Der Wettstreit mit der „SS United States“ um das Blaue Band der Nordsee lag nun hinter uns. Kurz nach Dover  wurden wir von ihr mit einem riesigen TUUUT-Konzert und zweitausend winkenden Armen überholt. Alles, was bei uns dienstfrei hatte, war auf die obersten Rahen geklettert und winkte zurück, was das Zeug hielt.

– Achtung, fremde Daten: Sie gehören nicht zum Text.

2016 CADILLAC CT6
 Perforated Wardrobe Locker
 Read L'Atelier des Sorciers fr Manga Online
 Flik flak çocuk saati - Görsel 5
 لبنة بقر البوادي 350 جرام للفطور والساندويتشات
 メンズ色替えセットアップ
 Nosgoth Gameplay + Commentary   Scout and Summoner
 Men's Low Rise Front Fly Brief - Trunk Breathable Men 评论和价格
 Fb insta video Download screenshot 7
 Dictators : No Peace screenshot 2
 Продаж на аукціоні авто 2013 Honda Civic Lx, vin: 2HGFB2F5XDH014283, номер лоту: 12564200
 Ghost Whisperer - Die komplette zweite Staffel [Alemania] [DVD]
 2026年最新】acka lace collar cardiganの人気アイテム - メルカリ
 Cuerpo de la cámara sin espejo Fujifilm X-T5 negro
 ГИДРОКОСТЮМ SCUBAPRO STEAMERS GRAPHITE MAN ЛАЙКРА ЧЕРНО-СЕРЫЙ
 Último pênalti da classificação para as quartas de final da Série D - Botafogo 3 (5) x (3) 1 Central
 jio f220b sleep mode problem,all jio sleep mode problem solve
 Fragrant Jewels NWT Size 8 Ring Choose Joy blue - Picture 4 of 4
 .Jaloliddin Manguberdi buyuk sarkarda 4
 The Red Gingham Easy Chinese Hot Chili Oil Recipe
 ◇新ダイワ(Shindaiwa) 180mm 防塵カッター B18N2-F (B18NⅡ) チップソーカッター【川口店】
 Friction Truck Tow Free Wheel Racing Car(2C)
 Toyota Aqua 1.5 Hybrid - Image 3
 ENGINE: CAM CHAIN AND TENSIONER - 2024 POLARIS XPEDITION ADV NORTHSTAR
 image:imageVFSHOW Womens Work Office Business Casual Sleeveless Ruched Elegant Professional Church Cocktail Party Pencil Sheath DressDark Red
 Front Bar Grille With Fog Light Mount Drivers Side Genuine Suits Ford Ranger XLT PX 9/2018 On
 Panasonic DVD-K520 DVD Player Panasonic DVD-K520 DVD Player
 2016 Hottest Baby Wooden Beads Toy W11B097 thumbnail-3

Da war es denn doch ganz gut, dass „SS United States“ jetzt ihre volle Geschwindigkeit ausfahren konnte und bald verschwunden war, denn die nasse Kälte dämpfte unsere Begeisterung mächtig.

 

 

 Wer geglaubt hatte, dass nun Ruhe einkehren würde, war spätestens verärgert und aufgebracht, als bekannt wurde, dass die Postboje am Ausgang des Englischen Kanals wegen Reparatur in einen Hafen geschleppt worden war. Wir hatten den Service auf der letzten Ausreise so geschätzt und waren davon ausgegangen, von hier unsere Weihnachtspost erledigen zu können.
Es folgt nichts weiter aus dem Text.